With a wealth of information on the Guyana timber industry and small-scale cash crop gardening, Hussein employs his knowledge to full effect, living the full potential of the Guyanese Dream.
His young son just graduated from the University of Guyana in Computer Science, already driving his own car and looking to contribute his skills and expertise to the development of Guyana.
The family’s success story pictures a Guyana developed and thriving, and Hussein showered lavish praise on Government for creating the atmosphere in Guyana today that allows him to self-develop and live his dream. He vacations in the US and Canada, and not even once thinks of migrating.

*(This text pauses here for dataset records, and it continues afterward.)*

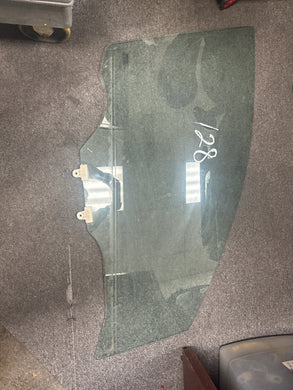 2007-2012 NISSAN VERSA HATCHBACK FRONT PASSENGER DOOR WINDOW GLASS (RH) (P)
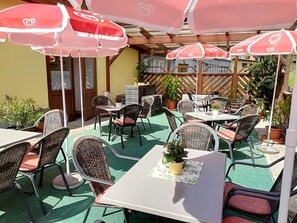 تناول الطعام بالخارج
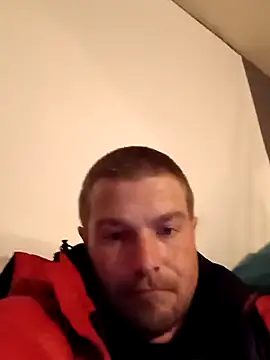 Snapshot of DadDDick925 chatting on October 30, 2025, 7:17 am DadDDick925 online show from October 30, 2025, 7:17 am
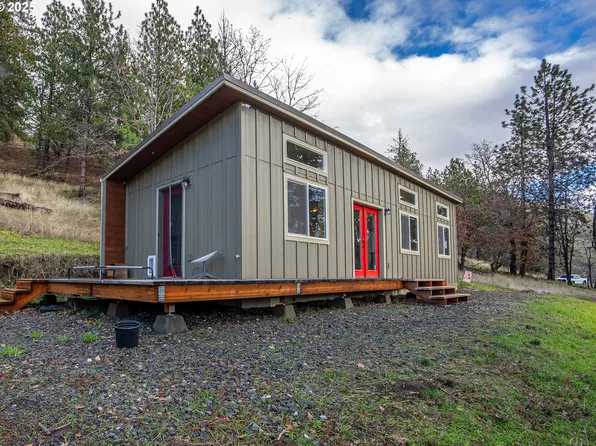 403 Johnson Ave, Lyle, WA 98635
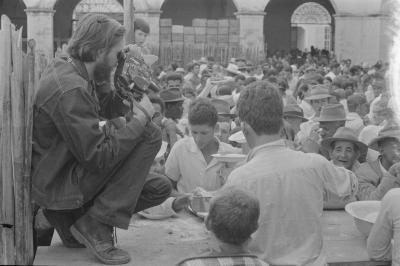 Jorge Bodanzky filmando para reportagem sobre o mito do Divino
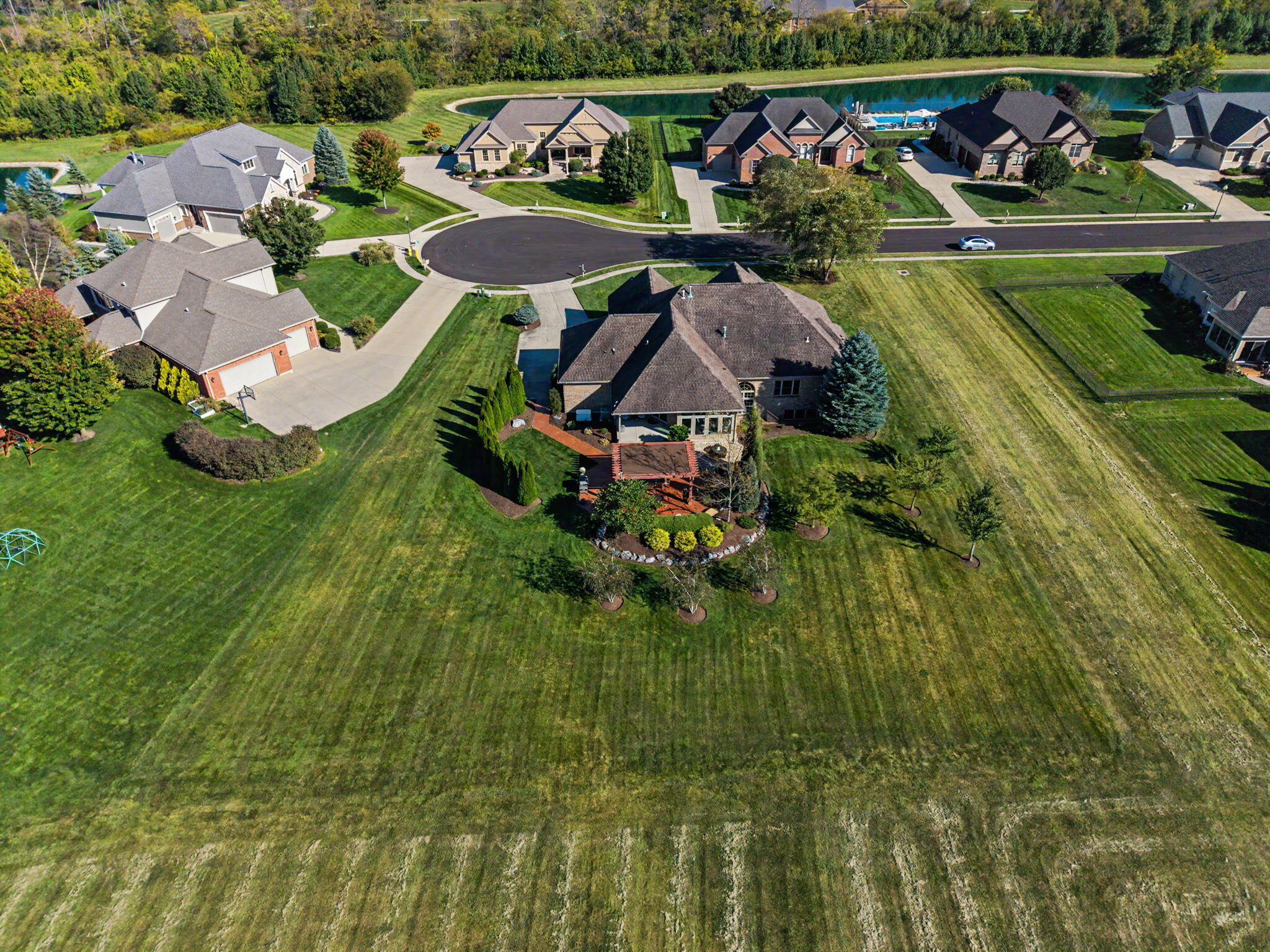 1025 Rosewood Creek, Troy, Ohio 45373
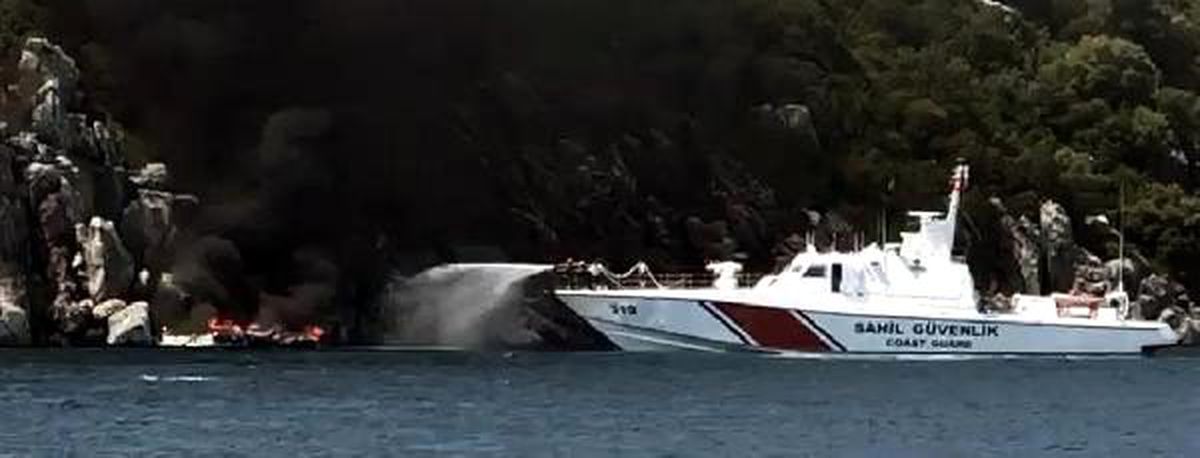 Marmaris\'te yanan 10 metrelik tekne battı, 3 kişi kurtarıldı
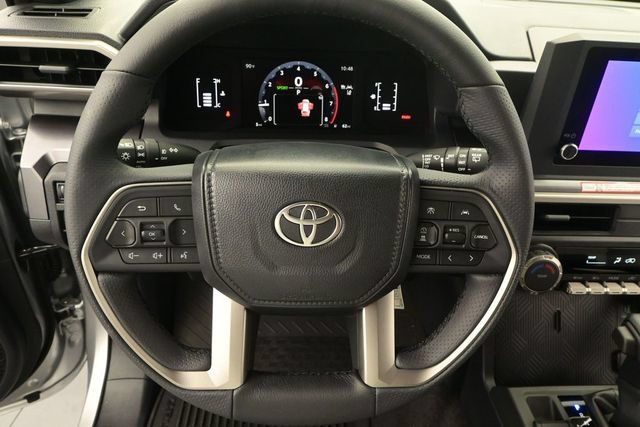 New 2026 Toyota 4Runner SR5 AWD/4WD image 5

“Government did an admirable job to repair broken drainage and irrigations systems, and build roads and our school building and encouraging us in this community to till our land,” Hussein said.
He said Government works hard to make sure the nation develops, with deep sustainability for the land, nature, and the natural environment, noting that every single tree that the timber industry cuts down, across the length and breadth of Guyana, must be tagged and recorded within an international system managed at the Guyana Forestry Commission.
Hussein said the Commission provides lugging operators with free tags. Infrared GPS technology secure the tags as an international recording system that monitors Guyana’s forestry use, in line with a Government deal with Norway to preserve the forests, and with former President Bharat Jagdeo’s vision of securing international financial compensation for Guyana’s carbon preservation.
He lauds Guyana’s development today, noting that cost-of-living is super low, once people choose to eat healthy, wholesome locally-grown fruits and vegetables.
He said before 1992, the Vryheid community lacked proper drainage and irrigation, and residents did no real farming, and no one planted rice.
Now, the entire community thrives, with new roads, electric lights and working irrigation systems.
“Since 2000, I’ve been operating my own business, and I am seeing progress and development in my own life, and in Guyanese being able to feed, house and clothe themselves, and in Berbice moving to a higher standard of living,” Hussein said.